Merhabalar arkadaşlar, bugün sizlerle dünyanın yapısı ve bize etkisi üzerine konuşacağım.
Erdem sizce iyi bir şey mi? Bence evet. Erdemli olmak doğruyu görmek ve yapmak değil midir zaten? Karşısında kim olursa olsun, koşullar ne olursa olsun… Kim böyle bir profil istemez ki? Zaten herkes kendine en çok yakışan kalıpları ister.
Ama erdemli olmak bir kalıp değildir esasında. Yani “şunu yap, erdemli olursun” gibi net bir reçetesi yoktur. Bazı koşullarda susarsın erdemli olursun, bazı koşullarda susarsın erdemsiz olursun. İnce bir çizgidir bu ve daha çok karakteristik bir durumdur.
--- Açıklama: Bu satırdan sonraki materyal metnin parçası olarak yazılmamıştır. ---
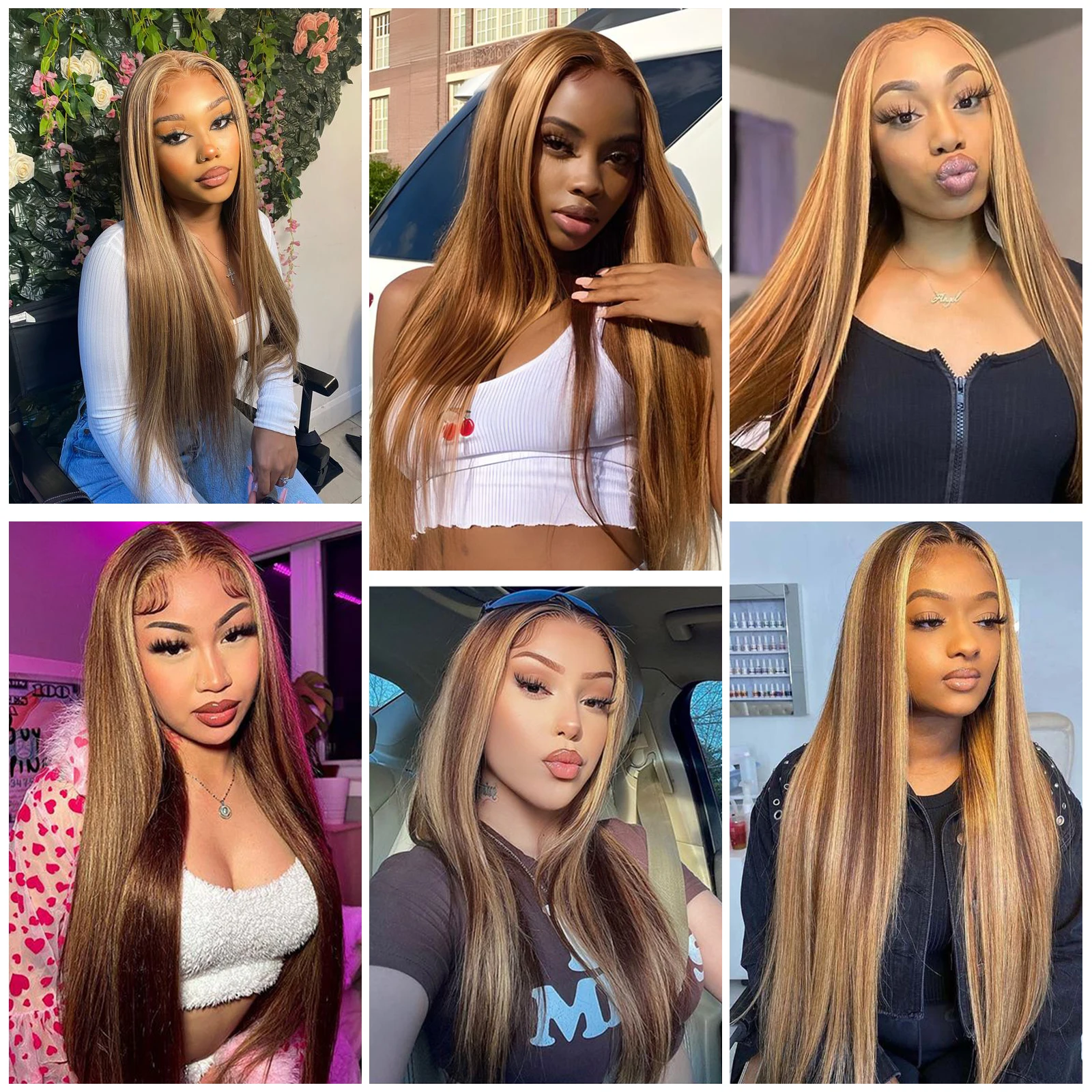 Destaque ombre clipe em extensões de cabelo em linha reta cabelo humano 24 26 Polegada colorido 100% cabelo humano 9 pçs/set extensões clipe ins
Günümüz toplumsal yapısında ise erdem, belli bir davranışsal örüntü olarak karşımıza çıkıyor. İnsanlar erdemi kendilerinden yola çıkarak değil, kendilerine verilen kalıplar üzerinden tanımlıyor. Peki herkes aynı şeyi yaparsa, erdemli olmanın ne önemi kalır? Bana kalırsa hiçbir önemi kalmaz. Zaten bugün erdemli olmanın değeri de burada kayboluyor.
İnsanlar hep iyiyi istiyor, hep doğruyu görmek istiyor ama bunun uğruna ne kadar çabalıyorlar? Herkes oyununu çok iyi oynuyor. Bizler yapay coşkuyu, gerçek sakinlikten daha çok istiyoruz. Ama buna da hak veriyorum. Bize dayatılan bunca anlamsız gündemi, saçma sapan şekilde bir yerlere gelen insanları gördükçe, ister istemez biz de istiyoruz. Biz de, ufak da olsa, o hayatları yaşamak istiyoruz.
Birbirimizi kopyalıyoruz. Bize verilen doğruları savunuyoruz. Aynı mekânlara gidiyor, aynı şeyleri yapıyoruz ve bunların hepsini yaparken “en iyisi bu” sanıyoruz. Sonra bir bakıyoruz, gündeme bambaşka bir şey çıkmış. Artık en iyisi o oluyor; yeni yapılacak aktivite, yeni savunulacak dava da o. Ama tüm bunları yaparken şunu sormuyoruz: “Ben bunu neden yapıyorum?”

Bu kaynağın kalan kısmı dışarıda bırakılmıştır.